(Stored dataset items)
━━━━━━━━━━━━━━━━━━━━━━━━━━━━━━
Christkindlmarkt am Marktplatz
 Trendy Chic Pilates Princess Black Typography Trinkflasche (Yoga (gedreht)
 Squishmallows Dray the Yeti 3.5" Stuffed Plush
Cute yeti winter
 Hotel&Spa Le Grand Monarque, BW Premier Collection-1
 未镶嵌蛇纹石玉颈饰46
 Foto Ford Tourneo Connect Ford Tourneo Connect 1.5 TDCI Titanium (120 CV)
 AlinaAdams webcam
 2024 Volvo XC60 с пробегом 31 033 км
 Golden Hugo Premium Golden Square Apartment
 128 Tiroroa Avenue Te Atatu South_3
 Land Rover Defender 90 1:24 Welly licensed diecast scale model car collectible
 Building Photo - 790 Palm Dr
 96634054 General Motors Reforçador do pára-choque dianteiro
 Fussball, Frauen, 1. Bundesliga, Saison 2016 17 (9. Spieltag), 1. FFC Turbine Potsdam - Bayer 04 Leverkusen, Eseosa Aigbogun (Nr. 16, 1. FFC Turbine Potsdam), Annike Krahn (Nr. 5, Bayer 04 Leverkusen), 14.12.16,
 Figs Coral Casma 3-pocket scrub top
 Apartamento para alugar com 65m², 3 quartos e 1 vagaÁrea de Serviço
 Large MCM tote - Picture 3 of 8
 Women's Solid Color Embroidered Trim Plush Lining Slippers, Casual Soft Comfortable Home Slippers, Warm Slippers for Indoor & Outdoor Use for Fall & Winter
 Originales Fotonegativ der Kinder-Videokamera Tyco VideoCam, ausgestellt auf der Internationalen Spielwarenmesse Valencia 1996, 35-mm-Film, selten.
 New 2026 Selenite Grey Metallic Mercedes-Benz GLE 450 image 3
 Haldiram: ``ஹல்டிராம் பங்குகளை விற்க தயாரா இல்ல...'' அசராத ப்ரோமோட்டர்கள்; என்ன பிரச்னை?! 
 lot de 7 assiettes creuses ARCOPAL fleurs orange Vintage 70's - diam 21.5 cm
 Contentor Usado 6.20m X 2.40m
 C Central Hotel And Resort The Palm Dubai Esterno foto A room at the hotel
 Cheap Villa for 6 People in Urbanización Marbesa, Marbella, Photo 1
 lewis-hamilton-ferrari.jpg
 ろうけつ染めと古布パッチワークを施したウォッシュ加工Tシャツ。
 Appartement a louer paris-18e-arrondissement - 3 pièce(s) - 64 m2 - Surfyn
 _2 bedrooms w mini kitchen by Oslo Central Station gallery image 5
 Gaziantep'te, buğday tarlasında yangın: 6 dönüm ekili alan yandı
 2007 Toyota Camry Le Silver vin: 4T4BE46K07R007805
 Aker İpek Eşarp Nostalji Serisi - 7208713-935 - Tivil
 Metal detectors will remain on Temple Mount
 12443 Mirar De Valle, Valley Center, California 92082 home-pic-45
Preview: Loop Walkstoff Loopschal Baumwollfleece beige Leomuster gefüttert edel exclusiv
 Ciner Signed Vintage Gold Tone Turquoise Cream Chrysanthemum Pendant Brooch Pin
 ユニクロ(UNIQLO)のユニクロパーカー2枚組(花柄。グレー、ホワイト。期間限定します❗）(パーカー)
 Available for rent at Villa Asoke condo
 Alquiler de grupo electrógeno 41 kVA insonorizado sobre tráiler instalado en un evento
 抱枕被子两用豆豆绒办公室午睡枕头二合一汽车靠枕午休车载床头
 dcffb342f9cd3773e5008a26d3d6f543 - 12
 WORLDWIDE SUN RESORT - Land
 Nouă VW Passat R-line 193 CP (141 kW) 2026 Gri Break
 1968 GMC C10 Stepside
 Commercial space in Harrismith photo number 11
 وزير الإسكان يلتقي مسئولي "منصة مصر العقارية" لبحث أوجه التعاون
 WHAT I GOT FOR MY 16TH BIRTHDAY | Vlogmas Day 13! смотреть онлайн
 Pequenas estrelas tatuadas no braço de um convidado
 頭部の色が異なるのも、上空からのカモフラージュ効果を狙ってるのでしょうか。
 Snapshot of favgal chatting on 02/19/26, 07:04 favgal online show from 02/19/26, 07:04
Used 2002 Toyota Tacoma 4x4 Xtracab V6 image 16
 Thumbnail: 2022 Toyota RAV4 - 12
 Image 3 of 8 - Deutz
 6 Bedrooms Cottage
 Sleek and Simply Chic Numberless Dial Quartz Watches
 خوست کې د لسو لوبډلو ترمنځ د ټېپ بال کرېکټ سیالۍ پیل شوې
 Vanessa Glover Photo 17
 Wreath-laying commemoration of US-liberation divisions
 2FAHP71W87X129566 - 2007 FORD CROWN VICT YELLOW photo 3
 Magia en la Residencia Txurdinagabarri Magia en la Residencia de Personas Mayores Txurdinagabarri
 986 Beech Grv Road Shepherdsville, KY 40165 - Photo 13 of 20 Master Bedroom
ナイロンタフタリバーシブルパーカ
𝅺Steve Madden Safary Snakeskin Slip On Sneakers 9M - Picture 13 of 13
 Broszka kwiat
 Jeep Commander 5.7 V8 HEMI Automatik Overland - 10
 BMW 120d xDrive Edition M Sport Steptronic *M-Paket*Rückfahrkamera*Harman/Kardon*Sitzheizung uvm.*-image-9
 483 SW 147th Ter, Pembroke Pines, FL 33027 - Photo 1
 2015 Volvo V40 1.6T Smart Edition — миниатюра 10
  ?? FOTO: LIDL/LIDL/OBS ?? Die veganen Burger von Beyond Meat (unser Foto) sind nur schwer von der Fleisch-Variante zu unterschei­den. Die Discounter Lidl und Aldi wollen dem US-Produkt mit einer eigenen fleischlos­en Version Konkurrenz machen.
━━━━━━━━━━━━━━━━━━━━━━━━━━━━━━
→ Work instructions:
Work out how many lines above contain "Hotel", then write only that number.

→ Written reply:
2